Handwriting transcription using word spotting with humans in the loop
MetadataShow full item record
Handwritten materials are increasingly being digitized and made available for scholarly analysis and research. To this end, numerous specialized software tools have been developed to support the crowdsourced transcription of such texts. However, as many of these tools operate at the page-level, they are unsuitable for documents containing privacy-sensitive data such as medical records, as displaying an entire page at a time risks the potential of disclosing such information to unintended parties. Additionally, manual transcription efforts can be slow and expensive. Automated optical character recognition (OCR) methods perform poorly on handwritten text due to factors such as the large variability in human handwriting, degradation of paper documents, and artifacts of scanning. Thus, handwritten text recognition and analysis remain active areas of research. With the renewed interest in neural networks, recent methods using deep learning have achieved unprecedented state-of-the-art results on benchmark datasets in areas including word recognition, word spotting, and character recognition. Despite this, current methods are not yet robust enough to fully automate handwriting transcription tasks alone. In this work, we report a novel approach that combines the efficiency of machine learning with the accuracy of human intelligence in order to semi-automatically transcribe a challenging real-world dataset of word images segmented from historical handwritten medical records as part of the Central State Hospital Digital (CSH) Library and Archives project.
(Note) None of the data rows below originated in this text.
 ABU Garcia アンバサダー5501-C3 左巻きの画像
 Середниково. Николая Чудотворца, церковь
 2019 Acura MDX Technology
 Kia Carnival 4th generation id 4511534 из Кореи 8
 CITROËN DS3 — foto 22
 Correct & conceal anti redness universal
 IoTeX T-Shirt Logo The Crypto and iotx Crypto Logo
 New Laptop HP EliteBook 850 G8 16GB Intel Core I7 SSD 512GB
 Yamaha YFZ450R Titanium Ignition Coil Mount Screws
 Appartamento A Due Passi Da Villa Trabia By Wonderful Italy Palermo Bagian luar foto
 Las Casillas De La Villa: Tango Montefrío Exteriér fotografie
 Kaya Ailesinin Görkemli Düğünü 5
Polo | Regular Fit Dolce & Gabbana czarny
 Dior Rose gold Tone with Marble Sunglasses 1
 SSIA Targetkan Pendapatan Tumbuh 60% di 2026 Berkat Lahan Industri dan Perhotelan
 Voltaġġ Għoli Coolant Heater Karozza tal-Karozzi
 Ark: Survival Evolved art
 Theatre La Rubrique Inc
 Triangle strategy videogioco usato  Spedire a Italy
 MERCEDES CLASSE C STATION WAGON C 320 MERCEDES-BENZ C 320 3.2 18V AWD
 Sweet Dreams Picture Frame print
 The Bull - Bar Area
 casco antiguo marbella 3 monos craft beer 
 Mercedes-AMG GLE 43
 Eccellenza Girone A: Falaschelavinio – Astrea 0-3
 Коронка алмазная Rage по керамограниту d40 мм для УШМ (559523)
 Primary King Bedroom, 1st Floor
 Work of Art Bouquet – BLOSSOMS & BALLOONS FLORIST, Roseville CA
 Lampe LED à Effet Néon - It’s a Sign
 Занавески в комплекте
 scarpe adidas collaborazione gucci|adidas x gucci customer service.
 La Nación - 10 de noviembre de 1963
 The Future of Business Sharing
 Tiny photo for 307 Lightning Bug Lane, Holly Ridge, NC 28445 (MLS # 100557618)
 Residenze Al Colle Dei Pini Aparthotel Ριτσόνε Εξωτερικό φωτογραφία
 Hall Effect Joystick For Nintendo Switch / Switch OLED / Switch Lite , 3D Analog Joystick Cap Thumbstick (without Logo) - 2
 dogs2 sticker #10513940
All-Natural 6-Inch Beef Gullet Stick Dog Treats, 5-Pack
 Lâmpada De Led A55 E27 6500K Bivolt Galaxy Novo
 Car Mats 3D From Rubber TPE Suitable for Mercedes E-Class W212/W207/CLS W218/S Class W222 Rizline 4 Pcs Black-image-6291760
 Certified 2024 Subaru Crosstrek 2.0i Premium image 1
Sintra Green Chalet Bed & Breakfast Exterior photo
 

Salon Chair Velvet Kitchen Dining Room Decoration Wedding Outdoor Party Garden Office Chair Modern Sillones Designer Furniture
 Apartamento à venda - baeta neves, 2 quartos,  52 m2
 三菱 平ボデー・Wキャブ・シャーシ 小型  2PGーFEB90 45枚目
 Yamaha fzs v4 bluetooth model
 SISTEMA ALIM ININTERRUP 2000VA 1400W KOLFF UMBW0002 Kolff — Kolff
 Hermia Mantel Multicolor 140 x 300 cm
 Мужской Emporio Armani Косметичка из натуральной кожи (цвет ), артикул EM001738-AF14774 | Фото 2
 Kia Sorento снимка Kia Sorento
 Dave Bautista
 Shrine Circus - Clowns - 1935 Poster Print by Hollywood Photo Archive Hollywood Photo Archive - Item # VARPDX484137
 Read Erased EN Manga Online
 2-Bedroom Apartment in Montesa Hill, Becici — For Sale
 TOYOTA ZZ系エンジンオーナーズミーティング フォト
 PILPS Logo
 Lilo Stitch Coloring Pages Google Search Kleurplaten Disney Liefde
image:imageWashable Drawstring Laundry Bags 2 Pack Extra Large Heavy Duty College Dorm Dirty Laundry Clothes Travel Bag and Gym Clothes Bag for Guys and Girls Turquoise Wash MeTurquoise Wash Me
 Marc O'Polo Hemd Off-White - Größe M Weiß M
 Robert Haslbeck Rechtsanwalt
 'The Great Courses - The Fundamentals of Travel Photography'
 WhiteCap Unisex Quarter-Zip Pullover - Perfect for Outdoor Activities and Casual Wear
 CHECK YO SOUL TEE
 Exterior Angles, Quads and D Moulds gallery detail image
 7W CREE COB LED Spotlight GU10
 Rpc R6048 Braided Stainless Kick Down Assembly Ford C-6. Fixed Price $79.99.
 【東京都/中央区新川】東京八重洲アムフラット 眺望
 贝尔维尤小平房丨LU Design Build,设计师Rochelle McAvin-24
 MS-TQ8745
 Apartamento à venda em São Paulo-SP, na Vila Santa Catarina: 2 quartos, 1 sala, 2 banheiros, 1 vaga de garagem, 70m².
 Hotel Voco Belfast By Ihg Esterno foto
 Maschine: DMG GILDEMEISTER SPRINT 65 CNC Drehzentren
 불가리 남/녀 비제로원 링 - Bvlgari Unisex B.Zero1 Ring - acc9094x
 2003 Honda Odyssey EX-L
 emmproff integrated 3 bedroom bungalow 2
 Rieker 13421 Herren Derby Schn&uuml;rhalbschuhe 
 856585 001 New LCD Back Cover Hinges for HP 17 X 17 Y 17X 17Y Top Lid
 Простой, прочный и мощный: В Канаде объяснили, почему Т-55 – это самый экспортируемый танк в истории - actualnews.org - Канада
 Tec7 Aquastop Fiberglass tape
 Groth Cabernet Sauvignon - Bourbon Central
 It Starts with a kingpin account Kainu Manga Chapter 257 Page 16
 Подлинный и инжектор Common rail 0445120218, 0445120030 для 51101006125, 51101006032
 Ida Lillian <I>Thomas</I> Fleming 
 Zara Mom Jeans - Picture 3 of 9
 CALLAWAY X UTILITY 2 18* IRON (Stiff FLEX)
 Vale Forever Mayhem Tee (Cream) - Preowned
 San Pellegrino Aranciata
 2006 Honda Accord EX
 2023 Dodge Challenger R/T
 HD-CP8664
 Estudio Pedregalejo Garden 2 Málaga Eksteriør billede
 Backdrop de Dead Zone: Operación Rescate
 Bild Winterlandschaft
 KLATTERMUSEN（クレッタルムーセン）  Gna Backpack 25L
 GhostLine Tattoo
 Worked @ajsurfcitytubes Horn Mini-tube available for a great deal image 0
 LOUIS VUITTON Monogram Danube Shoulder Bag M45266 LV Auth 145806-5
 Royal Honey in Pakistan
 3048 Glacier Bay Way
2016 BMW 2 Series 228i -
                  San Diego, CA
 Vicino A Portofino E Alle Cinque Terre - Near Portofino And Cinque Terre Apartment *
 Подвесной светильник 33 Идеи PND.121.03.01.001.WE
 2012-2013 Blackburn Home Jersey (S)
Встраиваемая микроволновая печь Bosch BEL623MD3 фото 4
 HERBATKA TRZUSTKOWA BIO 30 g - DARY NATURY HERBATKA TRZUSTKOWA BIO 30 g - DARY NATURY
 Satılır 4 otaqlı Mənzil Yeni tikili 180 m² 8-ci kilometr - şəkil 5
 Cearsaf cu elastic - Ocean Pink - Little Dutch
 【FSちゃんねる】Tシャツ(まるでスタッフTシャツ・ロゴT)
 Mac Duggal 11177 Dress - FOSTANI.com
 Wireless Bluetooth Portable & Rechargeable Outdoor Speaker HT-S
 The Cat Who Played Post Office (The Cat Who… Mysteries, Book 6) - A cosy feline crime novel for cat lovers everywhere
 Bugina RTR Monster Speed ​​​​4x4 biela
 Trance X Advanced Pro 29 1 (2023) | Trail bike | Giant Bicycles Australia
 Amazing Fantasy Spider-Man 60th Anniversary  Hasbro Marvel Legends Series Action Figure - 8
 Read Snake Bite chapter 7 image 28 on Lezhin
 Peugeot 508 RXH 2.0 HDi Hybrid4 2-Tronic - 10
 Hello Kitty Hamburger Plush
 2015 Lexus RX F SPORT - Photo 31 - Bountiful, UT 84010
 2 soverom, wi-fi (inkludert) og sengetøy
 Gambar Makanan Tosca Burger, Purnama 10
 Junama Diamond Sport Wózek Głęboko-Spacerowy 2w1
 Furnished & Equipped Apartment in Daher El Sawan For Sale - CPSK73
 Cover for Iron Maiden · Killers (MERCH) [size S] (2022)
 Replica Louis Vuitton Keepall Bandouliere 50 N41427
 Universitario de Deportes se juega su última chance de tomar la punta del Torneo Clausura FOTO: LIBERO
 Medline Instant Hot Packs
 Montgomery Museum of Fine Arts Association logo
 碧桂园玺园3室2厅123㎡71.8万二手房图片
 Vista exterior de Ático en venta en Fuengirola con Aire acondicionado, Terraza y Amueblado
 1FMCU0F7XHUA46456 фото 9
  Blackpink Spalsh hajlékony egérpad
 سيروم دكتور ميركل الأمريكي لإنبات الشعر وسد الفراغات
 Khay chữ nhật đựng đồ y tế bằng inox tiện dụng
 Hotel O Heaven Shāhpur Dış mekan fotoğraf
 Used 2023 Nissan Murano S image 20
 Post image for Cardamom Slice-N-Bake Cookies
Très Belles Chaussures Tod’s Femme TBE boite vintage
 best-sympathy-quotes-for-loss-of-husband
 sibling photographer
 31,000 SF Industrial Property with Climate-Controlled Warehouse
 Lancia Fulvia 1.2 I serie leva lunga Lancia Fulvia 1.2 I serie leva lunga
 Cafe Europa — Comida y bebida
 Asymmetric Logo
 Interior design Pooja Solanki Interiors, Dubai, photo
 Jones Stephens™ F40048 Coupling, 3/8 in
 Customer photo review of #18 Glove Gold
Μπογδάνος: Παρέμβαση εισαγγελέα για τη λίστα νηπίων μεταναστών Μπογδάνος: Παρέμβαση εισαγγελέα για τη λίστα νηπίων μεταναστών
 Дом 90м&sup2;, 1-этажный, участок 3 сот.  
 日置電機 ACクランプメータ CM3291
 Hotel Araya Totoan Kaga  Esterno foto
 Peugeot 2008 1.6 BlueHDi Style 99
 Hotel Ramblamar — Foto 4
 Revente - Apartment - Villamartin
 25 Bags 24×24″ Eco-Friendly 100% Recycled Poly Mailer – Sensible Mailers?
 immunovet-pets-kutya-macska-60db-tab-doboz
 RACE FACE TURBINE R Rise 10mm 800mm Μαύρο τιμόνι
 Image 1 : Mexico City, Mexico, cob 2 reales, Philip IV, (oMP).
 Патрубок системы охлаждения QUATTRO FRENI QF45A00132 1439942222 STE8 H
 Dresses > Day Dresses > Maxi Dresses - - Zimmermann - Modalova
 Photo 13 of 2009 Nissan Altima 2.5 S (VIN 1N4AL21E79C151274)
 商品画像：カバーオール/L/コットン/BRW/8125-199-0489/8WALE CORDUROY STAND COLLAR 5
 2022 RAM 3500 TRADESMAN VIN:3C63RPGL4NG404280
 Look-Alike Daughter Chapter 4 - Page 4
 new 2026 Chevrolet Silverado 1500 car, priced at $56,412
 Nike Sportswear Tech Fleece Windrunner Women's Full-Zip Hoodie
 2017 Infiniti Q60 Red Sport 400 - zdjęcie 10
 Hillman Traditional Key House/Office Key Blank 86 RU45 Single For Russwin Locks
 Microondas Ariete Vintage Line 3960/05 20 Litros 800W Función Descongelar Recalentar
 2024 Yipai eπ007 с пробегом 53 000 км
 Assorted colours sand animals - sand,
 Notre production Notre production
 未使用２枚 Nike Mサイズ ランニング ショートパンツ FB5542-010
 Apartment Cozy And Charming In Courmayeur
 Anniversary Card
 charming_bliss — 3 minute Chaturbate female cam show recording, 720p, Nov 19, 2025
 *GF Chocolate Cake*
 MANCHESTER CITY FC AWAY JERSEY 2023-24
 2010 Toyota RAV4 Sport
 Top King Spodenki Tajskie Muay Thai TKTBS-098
Specifically, we leverage a deep convolutional network to generate feature sets, identify groups of similar images using unsupervised hierarchical density-based clustering, and develop a system to obtain cluster transcriptions from human workers on an online crowdsourcing platform. In doing so, we aim to reduce the number of images to be sent to the crowd, thereby optimizing monetary and time costs while maintaining an acceptable level of accuracy as well as preserving the privacy of the data.